Provided material below:

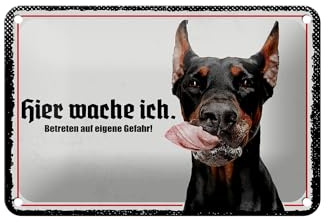 Femer Blechschild Spruch 18x12cm Dobermann hier wache ich Geschenk Schild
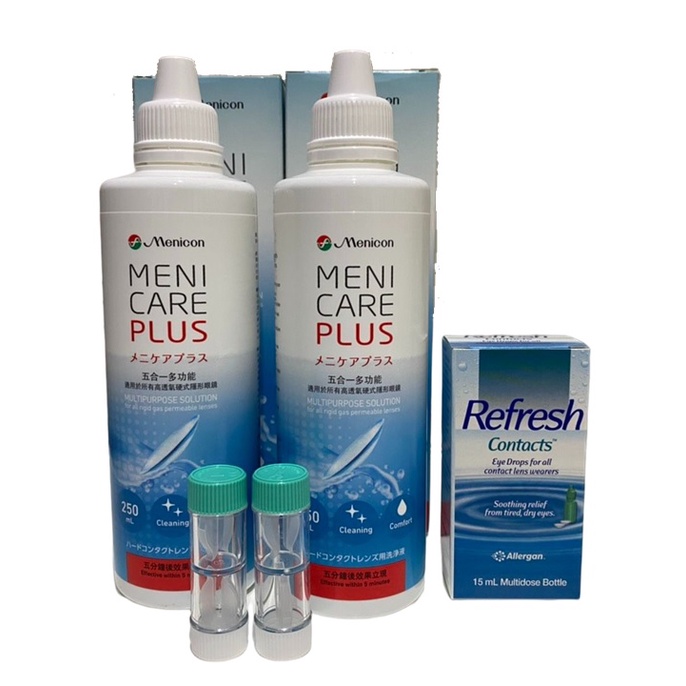 【目立康】五合一硬式隱形眼鏡清潔液 250ML*2瓶 + 【愛力根】麗眼舒隱形眼鏡潤濕液15ML*1瓶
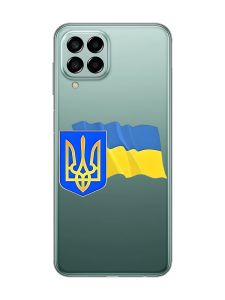 Прозорий чохол на Samsung Galaxy M33 5G :: Тризуб і прапор України (принт 384)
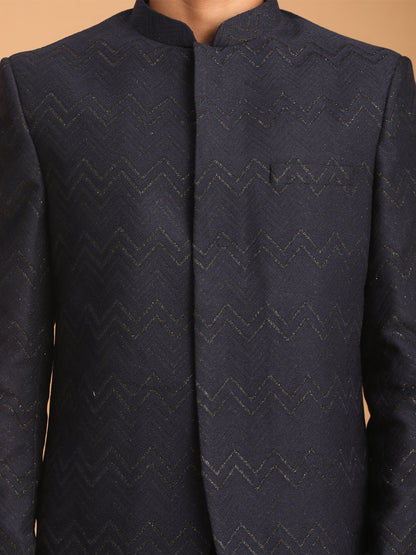 Men's Navy Blue Silk Blend Straight Jodhpuri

End of Provided material.

**Task to complete:**
Copy the lines exactly. Start at the line with "250ML*2瓶 + 【愛力根】麗眼舒隱形眼鏡潤濕液15ML*1瓶", end at the last line above, include both, and omit all pictures.

**Reply to the exercise:**
 【目立康】五合一硬式隱形眼鏡清潔液 250ML*2瓶 + 【愛力根】麗眼舒隱形眼鏡潤濕液15ML*1瓶
 Прозорий чохол на Samsung Galaxy M33 5G :: Тризуб і прапор України (принт 384)
 Men's Navy Blue Silk Blend Straight Jodhpuri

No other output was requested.